Making the case for strength training
A Penn State study showed that women who lifted weights several times a week in addition to performing aerobic exercise and sticking to a healthy diet lost an average of 40 percent more fat than the non-weightlifting participants. This is due to the fact that typical aerobic activities such as running and walking tend to burn muscle in addition to fat, while weightlifting torches almost only fat. Other studies indicate that weightlifters experience a significant boost in metabolism for nearly 40 hours after their workout, leading to more total calories burned.
More reasons to embrace strength training
Quicker fat loss and a fired-up metabolism aren’t the only reasons to incorporate strength training into your workout plan. Weightlifting also helps you develop functional strength, which essentially means that you’ll be better equipped to perform daily tasks such as carrying heavy boxes and suitcases or opening tightly sealed jars.
Another benefit to strength training is that your body will go through a “recomposition” wherein fat will slowly be replaced by muscle. Though the numbers on the scale might go up (after all, muscle is denser than fat), you will actually look leaner, your clothes will fit better, and you will be healthier.

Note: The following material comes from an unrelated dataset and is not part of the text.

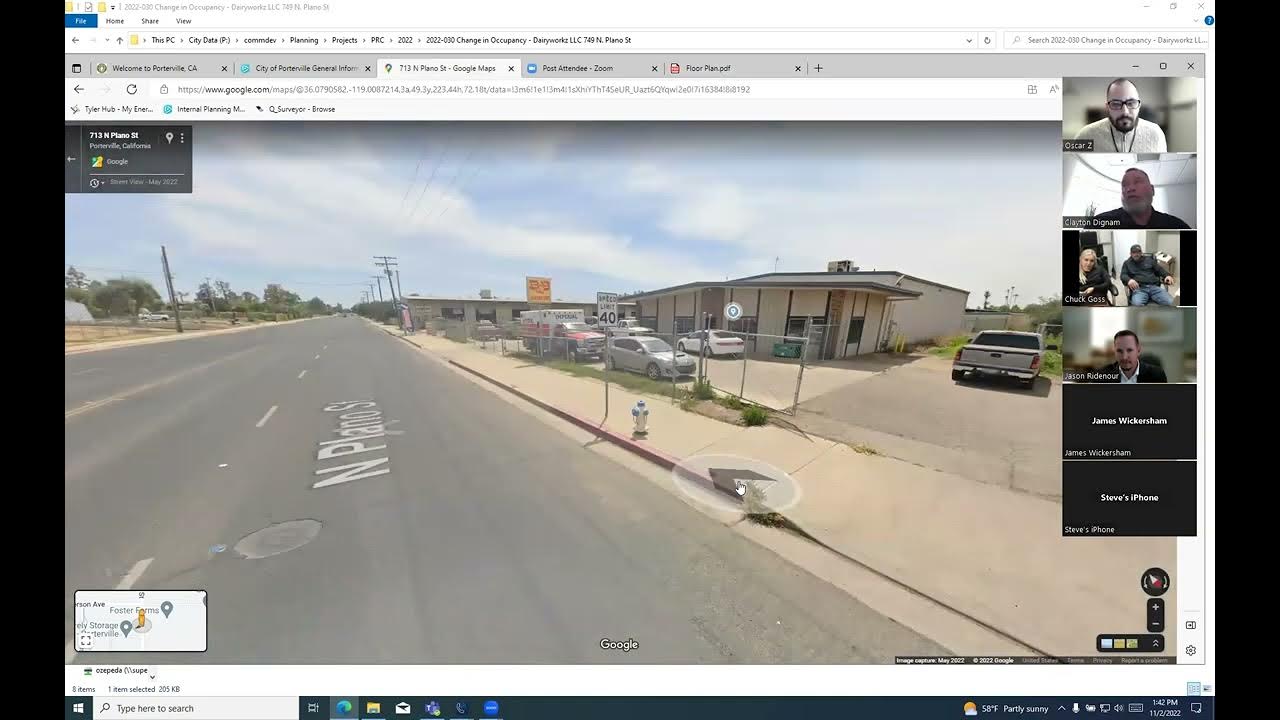 City of Porterville Project Review Committee Meeting of November 02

And perhaps the best reason to embrace strength training is that doing so allows you to eat more! The more muscles you have, the more energy (read: food) you need to keep your body functioning. So if you’re tired of trying to subsist on 1200-calorie meal plans, start hitting the weight room.

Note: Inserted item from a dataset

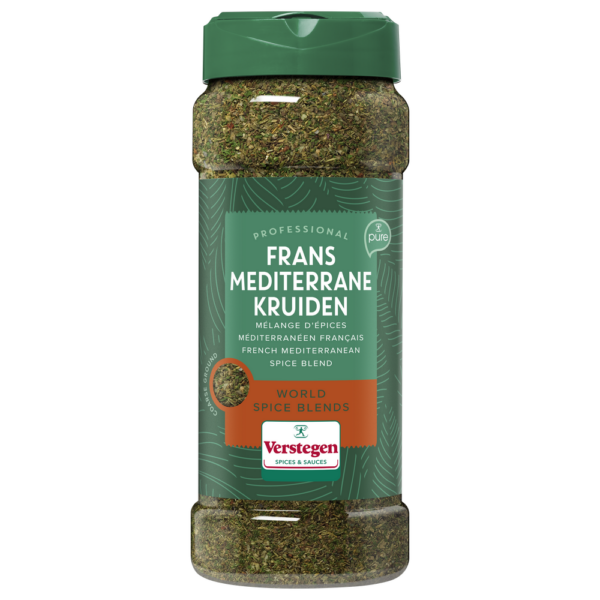 Frans Mediterrane kruiden grof met zout - World Spice Blends - Pure - Strooibus medium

As you can see, strength training can do a lot more for your health than cardiovascular exercise and diet alone. Of course, you should bear in mind that we’re talking about the kind of strength that comes from lifting heavy weights or doing programs like CrossFit and P90X, not the minimal toning and tightening that comes from holding a 3LB dumbbell in each hand while power walking on the treadmill. Try adding 3 to 4 strength sessions per week so you can discover for yourself why strong is the new skinny!